• [Problem description]
Would you please print exactly the lines that run from the one with "Guitarra Acústica" to the last line of the data, both included, without any pictures?

• [Given material]
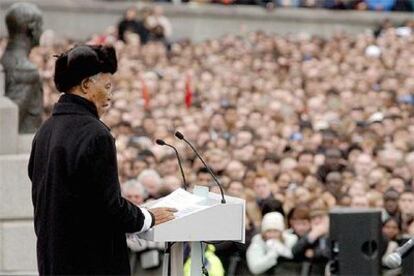 El ex presidente surafricano Nelson Mandela se dirige a la multitud congregada en la Plaza de Trafalgar de Londres.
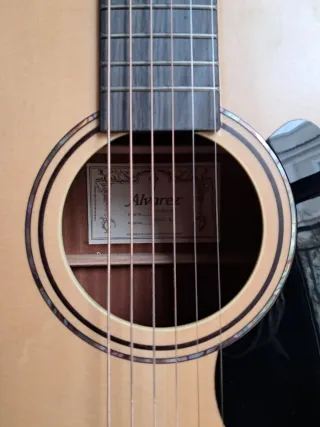 Guitarra Acústica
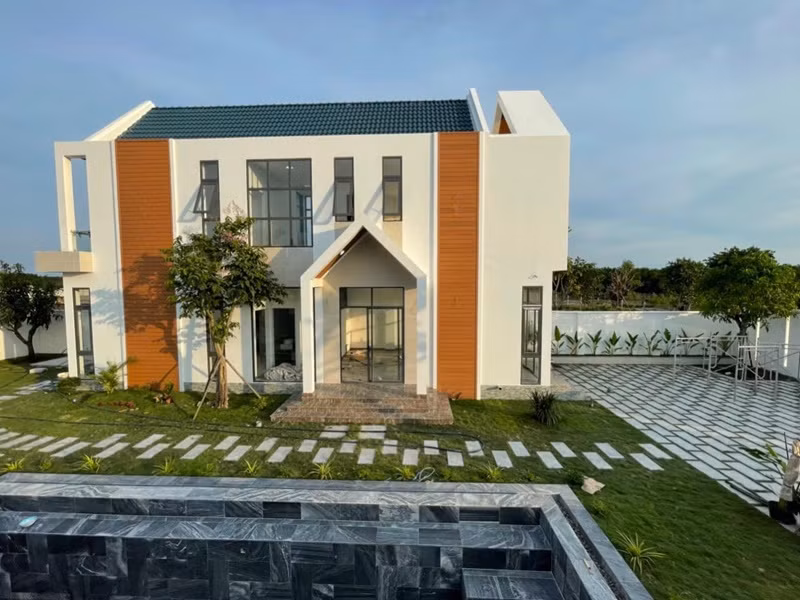 Lê Giang có một căn biệt thự biển 600 m2 trị giá gần 10 tỷ đồng ở Vũng Tàu. Ảnh: FBNV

• [Solution below]
 Guitarra Acústica
 Lê Giang có một căn biệt thự biển 600 m2 trị giá gần 10 tỷ đồng ở Vũng Tàu. Ảnh: FBNV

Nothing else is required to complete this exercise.